*Exercise*
When the line containing "Moldova Parliament Building" appears in the entries below, begin printing there and stop after the line containing "Внедорожник / Кроссовер"; print each of those lines exactly and no other line.

****************

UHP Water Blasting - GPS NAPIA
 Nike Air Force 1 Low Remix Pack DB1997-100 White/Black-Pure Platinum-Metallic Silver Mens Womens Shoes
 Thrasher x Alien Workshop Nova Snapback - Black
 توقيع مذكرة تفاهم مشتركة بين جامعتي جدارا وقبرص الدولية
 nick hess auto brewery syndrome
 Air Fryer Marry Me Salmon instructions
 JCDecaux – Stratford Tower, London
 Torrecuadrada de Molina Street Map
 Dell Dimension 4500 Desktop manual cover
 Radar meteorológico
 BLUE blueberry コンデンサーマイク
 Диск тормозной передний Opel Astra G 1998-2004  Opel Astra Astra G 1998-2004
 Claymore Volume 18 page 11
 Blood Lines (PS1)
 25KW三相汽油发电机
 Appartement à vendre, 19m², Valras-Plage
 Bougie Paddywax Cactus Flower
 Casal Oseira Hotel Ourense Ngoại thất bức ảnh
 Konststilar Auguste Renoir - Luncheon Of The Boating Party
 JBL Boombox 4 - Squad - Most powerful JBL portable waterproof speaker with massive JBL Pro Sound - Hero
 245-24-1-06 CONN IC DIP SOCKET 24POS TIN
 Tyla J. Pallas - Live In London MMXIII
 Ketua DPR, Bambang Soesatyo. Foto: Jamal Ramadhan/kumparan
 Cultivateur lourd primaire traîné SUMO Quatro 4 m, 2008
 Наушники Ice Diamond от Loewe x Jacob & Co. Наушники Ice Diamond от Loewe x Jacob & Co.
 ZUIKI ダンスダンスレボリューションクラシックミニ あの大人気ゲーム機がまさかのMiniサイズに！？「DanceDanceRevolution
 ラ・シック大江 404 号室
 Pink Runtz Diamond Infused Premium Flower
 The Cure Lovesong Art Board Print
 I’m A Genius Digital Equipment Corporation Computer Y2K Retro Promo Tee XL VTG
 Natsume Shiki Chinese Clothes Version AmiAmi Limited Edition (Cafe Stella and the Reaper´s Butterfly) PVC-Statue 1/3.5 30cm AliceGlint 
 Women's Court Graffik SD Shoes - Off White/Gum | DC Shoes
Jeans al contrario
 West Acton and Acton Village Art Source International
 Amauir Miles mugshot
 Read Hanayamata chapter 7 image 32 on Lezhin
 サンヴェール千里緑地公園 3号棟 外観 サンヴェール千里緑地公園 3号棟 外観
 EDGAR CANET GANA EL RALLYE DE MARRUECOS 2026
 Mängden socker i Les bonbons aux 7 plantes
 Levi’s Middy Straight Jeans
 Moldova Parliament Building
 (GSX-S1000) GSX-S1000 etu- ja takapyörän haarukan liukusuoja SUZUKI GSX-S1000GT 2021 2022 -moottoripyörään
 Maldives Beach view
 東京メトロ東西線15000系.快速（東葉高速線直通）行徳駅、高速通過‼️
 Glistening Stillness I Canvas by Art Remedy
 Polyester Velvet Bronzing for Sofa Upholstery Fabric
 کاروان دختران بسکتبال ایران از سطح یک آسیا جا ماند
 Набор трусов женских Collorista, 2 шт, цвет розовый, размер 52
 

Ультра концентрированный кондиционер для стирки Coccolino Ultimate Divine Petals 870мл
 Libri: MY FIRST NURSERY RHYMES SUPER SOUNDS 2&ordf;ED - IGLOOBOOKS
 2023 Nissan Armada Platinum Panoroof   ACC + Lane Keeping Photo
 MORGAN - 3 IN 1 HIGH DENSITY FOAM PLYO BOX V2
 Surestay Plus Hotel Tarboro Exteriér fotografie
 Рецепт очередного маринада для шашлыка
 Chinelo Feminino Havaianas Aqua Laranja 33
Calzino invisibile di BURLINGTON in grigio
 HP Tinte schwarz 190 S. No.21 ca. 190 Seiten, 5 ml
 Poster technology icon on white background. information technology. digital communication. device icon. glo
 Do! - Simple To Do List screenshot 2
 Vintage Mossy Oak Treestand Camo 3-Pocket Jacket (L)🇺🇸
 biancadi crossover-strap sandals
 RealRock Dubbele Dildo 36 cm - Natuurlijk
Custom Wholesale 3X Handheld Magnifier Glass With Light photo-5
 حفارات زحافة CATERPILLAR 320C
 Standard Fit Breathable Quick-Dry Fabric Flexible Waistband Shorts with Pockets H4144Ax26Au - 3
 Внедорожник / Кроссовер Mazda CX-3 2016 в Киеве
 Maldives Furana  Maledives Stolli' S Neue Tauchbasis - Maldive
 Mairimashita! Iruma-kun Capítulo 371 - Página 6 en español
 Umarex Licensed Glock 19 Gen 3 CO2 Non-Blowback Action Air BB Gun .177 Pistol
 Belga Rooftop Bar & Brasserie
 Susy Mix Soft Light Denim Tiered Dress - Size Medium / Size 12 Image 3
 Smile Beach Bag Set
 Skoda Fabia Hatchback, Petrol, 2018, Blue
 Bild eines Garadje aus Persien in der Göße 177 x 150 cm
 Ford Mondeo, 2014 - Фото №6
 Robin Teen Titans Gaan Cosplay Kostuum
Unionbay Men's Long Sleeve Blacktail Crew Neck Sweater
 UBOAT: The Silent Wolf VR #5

****************

*Output*
 Moldova Parliament Building
 (GSX-S1000) GSX-S1000 etu- ja takapyörän haarukan liukusuoja SUZUKI GSX-S1000GT 2021 2022 -moottoripyörään
 Maldives Beach view
 東京メトロ東西線15000系.快速（東葉高速線直通）行徳駅、高速通過‼️
 Glistening Stillness I Canvas by Art Remedy
 Polyester Velvet Bronzing for Sofa Upholstery Fabric
 کاروان دختران بسکتبال ایران از سطح یک آسیا جا ماند
 Набор трусов женских Collorista, 2 шт, цвет розовый, размер 52
 

Ультра концентрированный кондиционер для стирки Coccolino Ultimate Divine Petals 870мл
 Libri: MY FIRST NURSERY RHYMES SUPER SOUNDS 2&ordf;ED - IGLOOBOOKS
 2023 Nissan Armada Platinum Panoroof   ACC + Lane Keeping Photo
 MORGAN - 3 IN 1 HIGH DENSITY FOAM PLYO BOX V2
 Surestay Plus Hotel Tarboro Exteriér fotografie
 Рецепт очередного маринада для шашлыка
 Chinelo Feminino Havaianas Aqua Laranja 33
Calzino invisibile di BURLINGTON in grigio
 HP Tinte schwarz 190 S. No.21 ca. 190 Seiten, 5 ml
 Poster technology icon on white background. information technology. digital communication. device icon. glo
 Do! - Simple To Do List screenshot 2
 Vintage Mossy Oak Treestand Camo 3-Pocket Jacket (L)🇺🇸
 biancadi crossover-strap sandals
 RealRock Dubbele Dildo 36 cm - Natuurlijk
Custom Wholesale 3X Handheld Magnifier Glass With Light photo-5
 حفارات زحافة CATERPILLAR 320C
 Standard Fit Breathable Quick-Dry Fabric Flexible Waistband Shorts with Pockets H4144Ax26Au - 3
 Внедорожник / Кроссовер Mazda CX-3 2016 в Киеве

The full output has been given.